The Wenjuanxing / 问卷星 MCP Server exposes 10 tools through the Vinkius. Connect it to Pydantic AI in under two minutes — no API keys to rotate, no infrastructure to provision, no vendor lock-in. Your configuration, your data, your control.

How to Connect Wenjuanxing / 问卷星 to Pydantic AI via MCP

Follow these steps to integrate the Wenjuanxing / 问卷星 MCP Server with Pydantic AI.

01

Install Pydantic AI

Run pip install pydantic-ai

02

Replace the token

Replace [YOUR_TOKEN_HERE] with your Vinkius token

03

Run the agent

Save to agent.py and run: python agent.py

04

Explore tools

The agent discovers 10 tools from Wenjuanxing / 问卷星 with type-safe schemas

Why Use Pydantic AI with the Wenjuanxing / 问卷星 MCP Server

Pydantic AI provides unique advantages when paired with Wenjuanxing / 问卷星 through the Model Context Protocol.

01

Full type safety: every MCP tool response is validated against Pydantic models, catching data inconsistencies before they reach your application

02

Model-agnostic architecture. switch between OpenAI, Anthropic, or Gemini without changing your Wenjuanxing / 问卷星 integration code

03

Structured output guarantee: Pydantic AI ensures tool results conform to defined schemas, eliminating runtime type errors

04

Dependency injection system cleanly separates your Wenjuanxing / 问卷星 connection logic from agent behavior for testable, maintainable code

Wenjuanxing / 问卷星 + Pydantic AI Use Cases

Practical scenarios where Pydantic AI combined with the Wenjuanxing / 问卷星 MCP Server delivers measurable value.

01

Type-safe data pipelines: query Wenjuanxing / 问卷星 with guaranteed response schemas, feeding validated data into downstream processing

02

API orchestration: chain multiple Wenjuanxing / 问卷星 tool calls with Pydantic validation at each step to ensure data integrity end-to-end

03

Production monitoring: build validated alert agents that query Wenjuanxing / 问卷星 and output structured, schema-compliant notifications

04

Testing and QA: use Pydantic AI's dependency injection to mock Wenjuanxing / 问卷星 responses and write comprehensive agent tests

Wenjuanxing / 问卷星 MCP Tools for Pydantic AI (10)

These 10 tools become available when you connect Wenjuanxing / 问卷星 to Pydantic AI via MCP:

01

create_survey

Create a new questionnaire

02

get_account_info

Get user account metadata

03

get_report

Get survey summary report

04

get_stats

Get survey statistics

05

get_survey

Get questionnaire details

06

list_groups

List survey groups

07

list_responses

List survey responses

08

list_surveys

List questionnaires

09

query_surveys

Search questionnaires by keyword

10

update_survey_status

g., publish, pause) of a specific survey.
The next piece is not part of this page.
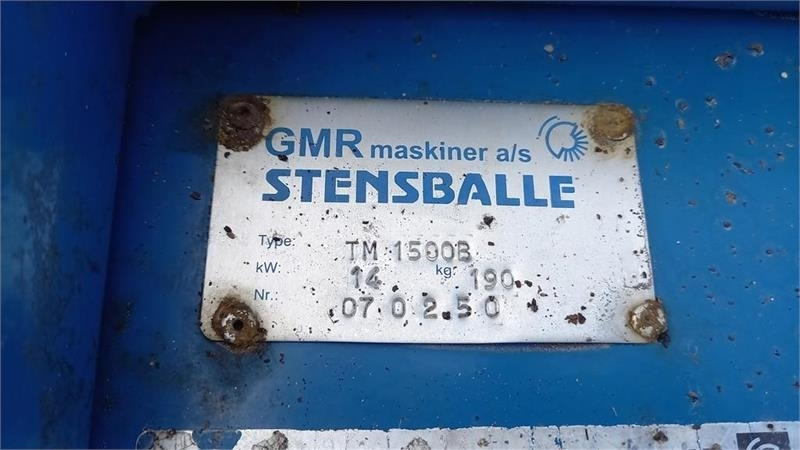 GMR Stensballe TM1500B - 割草机:图5 GMR Stensballe TM1500B - 割草机:图5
Update survey status

Example Prompts for Wenjuanxing / 问卷星 in Pydantic AI

Ready-to-use prompts you can give your Pydantic AI agent to start working with Wenjuanxing / 问卷星 immediately.

01

"List all active surveys in my Wenjuanxing account."

02

"Show me the responses for survey activity '8821'."

03

"What are the statistics for questionnaire '9920'?"
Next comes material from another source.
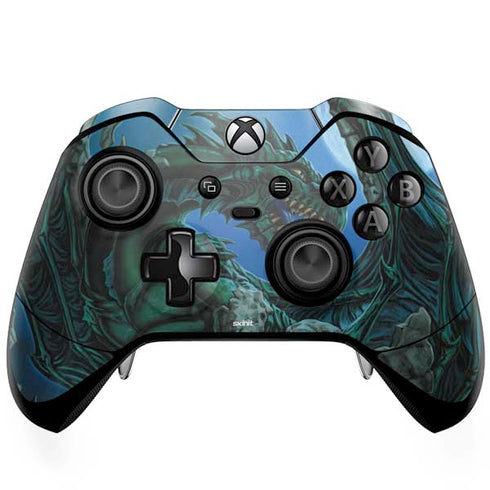 Ed Beard Jr. The Green Dragon Xbox One Elite Controller Skin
Troubleshooting Wenjuanxing / 问卷星 MCP Server with Pydantic AI

Common issues when connecting Wenjuanxing / 问卷星 to Pydantic AI through the Vinkius, and how to resolve them.

01

MCPServerHTTP not found

Update: pip install --upgrade pydantic-ai

Wenjuanxing / 问卷星 + Pydantic AI FAQ

Common questions about integrating Wenjuanxing / 问卷星 MCP Server with Pydantic AI.

01

How does Pydantic AI discover MCP tools?

Create an MCPServerHTTP instance with the server URL. Pydantic AI connects, discovers all tools, and generates typed Python interfaces automatically.
02

Does Pydantic AI validate MCP tool responses?

Yes. When you define result types as Pydantic models, every tool response is validated against the schema. Invalid data raises a clear error instead of silently corrupting your pipeline.
03

Can I switch LLM providers without changing MCP code?

Absolutely. Pydantic AI abstracts the model layer. your Wenjuanxing / 问卷星 MCP integration works identically with OpenAI, Anthropic, Google, or any supported provider.

Connect Wenjuanxing / 问卷星 to Pydantic AI

Get your token, paste the configuration, and start using 10 tools in under 2 minutes. No API key management needed.